- Opening Delimiter -

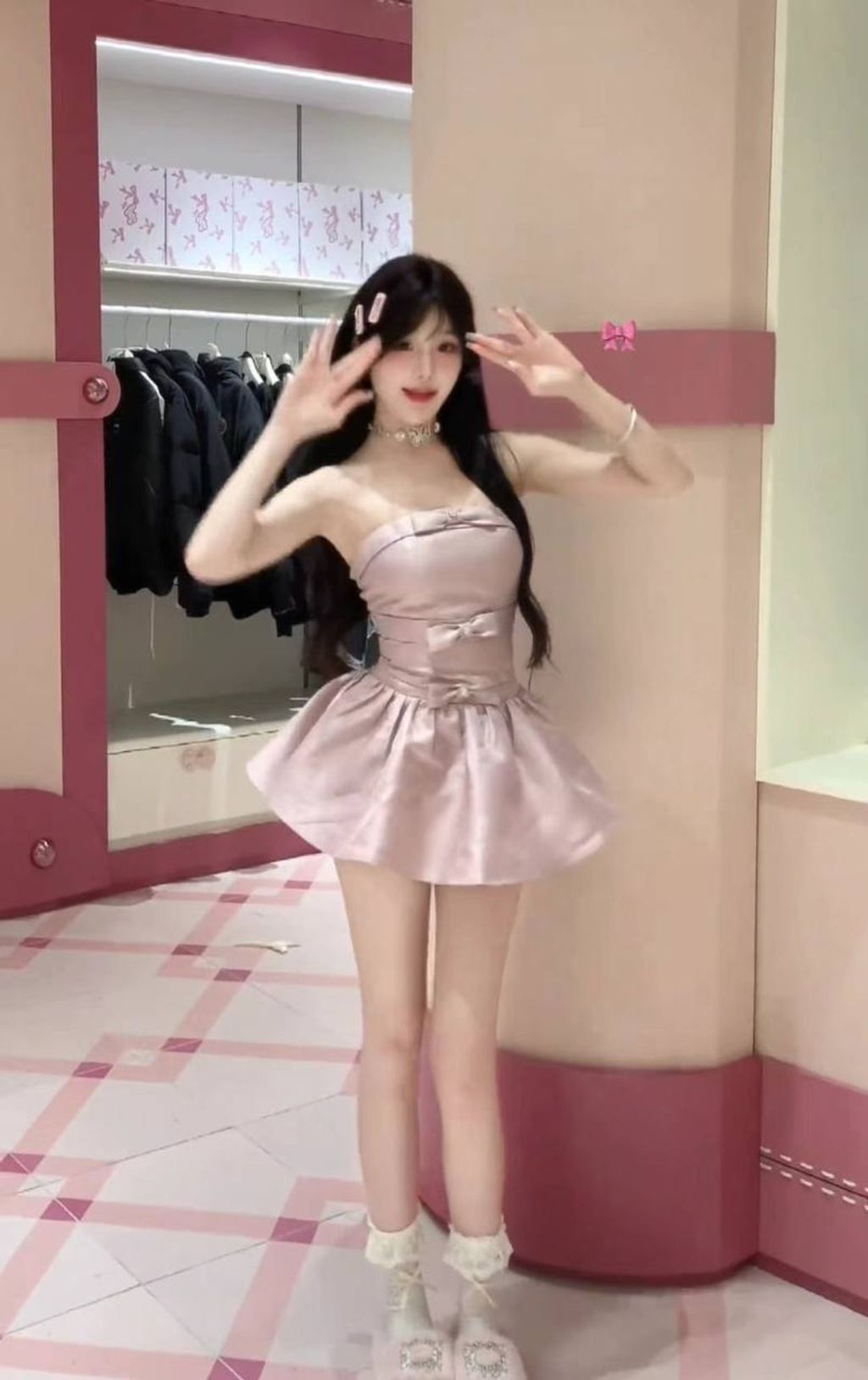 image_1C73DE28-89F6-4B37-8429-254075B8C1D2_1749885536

- Closing Delimiter -
- Opening Delimiter -

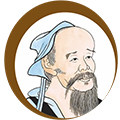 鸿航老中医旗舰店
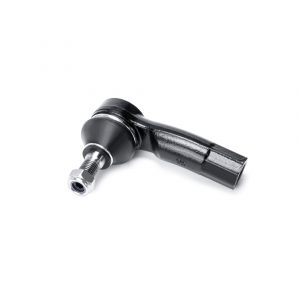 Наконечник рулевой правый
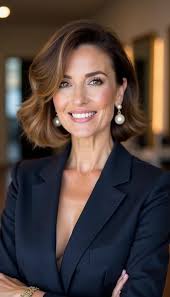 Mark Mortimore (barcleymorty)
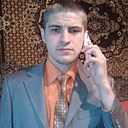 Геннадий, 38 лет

- Closing Delimiter -

Reproduce, word for word, only the lines in the records above from the line with "Наконечник рулевой правый" through the line with "Геннадий, 38 лет", including both ends; omit the pictures.

 Наконечник рулевой правый
 Mark Mortimore (barcleymorty)
 Геннадий, 38 лет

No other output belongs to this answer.